-- PROVIDED MATERIAL --
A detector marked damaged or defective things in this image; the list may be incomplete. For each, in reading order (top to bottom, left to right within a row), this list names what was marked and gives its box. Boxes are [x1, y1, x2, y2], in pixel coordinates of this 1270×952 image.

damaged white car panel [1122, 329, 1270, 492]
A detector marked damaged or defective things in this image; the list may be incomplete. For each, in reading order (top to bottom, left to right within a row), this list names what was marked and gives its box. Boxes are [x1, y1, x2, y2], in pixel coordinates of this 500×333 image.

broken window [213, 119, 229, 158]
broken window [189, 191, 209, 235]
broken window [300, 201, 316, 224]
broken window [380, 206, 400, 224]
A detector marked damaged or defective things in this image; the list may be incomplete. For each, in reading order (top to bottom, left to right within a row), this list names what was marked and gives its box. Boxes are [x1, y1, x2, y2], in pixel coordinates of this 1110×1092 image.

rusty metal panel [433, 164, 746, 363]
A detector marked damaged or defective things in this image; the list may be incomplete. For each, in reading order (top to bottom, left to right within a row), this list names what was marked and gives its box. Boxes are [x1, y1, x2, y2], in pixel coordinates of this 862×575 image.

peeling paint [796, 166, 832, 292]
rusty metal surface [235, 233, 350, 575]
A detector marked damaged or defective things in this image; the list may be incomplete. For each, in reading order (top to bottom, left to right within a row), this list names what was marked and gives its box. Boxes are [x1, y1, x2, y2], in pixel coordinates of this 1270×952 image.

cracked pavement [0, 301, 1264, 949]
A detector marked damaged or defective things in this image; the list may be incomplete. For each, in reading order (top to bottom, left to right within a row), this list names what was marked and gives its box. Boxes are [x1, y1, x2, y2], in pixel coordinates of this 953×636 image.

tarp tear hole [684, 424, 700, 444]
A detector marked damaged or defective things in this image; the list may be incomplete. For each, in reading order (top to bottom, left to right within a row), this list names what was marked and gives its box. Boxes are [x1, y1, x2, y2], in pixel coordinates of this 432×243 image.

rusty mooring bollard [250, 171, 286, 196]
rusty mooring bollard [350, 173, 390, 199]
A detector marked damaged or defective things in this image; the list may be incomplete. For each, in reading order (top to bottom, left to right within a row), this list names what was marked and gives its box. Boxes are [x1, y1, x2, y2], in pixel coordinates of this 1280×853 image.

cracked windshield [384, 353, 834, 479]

-- EXERCISE REQUIREMENTS --
Repeat exactly the lines from the line containing "this 862×575 image." through the end of the listing above; both boundary lines are part of the output.

-- EXPECTED OUTPUT --
A detector marked damaged or defective things in this image; the list may be incomplete. For each, in reading order (top to bottom, left to right within a row), this list names what was marked and gives its box. Boxes are [x1, y1, x2, y2], in pixel coordinates of this 862×575 image.

peeling paint [796, 166, 832, 292]
rusty metal surface [235, 233, 350, 575]
A detector marked damaged or defective things in this image; the list may be incomplete. For each, in reading order (top to bottom, left to right within a row), this list names what was marked and gives its box. Boxes are [x1, y1, x2, y2], in pixel coordinates of this 1270×952 image.

cracked pavement [0, 301, 1264, 949]
A detector marked damaged or defective things in this image; the list may be incomplete. For each, in reading order (top to bottom, left to right within a row), this list names what was marked and gives its box. Boxes are [x1, y1, x2, y2], in pixel coordinates of this 953×636 image.

tarp tear hole [684, 424, 700, 444]
A detector marked damaged or defective things in this image; the list may be incomplete. For each, in reading order (top to bottom, left to right within a row), this list names what was marked and gives its box. Boxes are [x1, y1, x2, y2], in pixel coordinates of this 432×243 image.

rusty mooring bollard [250, 171, 286, 196]
rusty mooring bollard [350, 173, 390, 199]
A detector marked damaged or defective things in this image; the list may be incomplete. For each, in reading order (top to bottom, left to right within a row), this list names what was marked and gives its box. Boxes are [x1, y1, x2, y2], in pixel coordinates of this 1280×853 image.

cracked windshield [384, 353, 834, 479]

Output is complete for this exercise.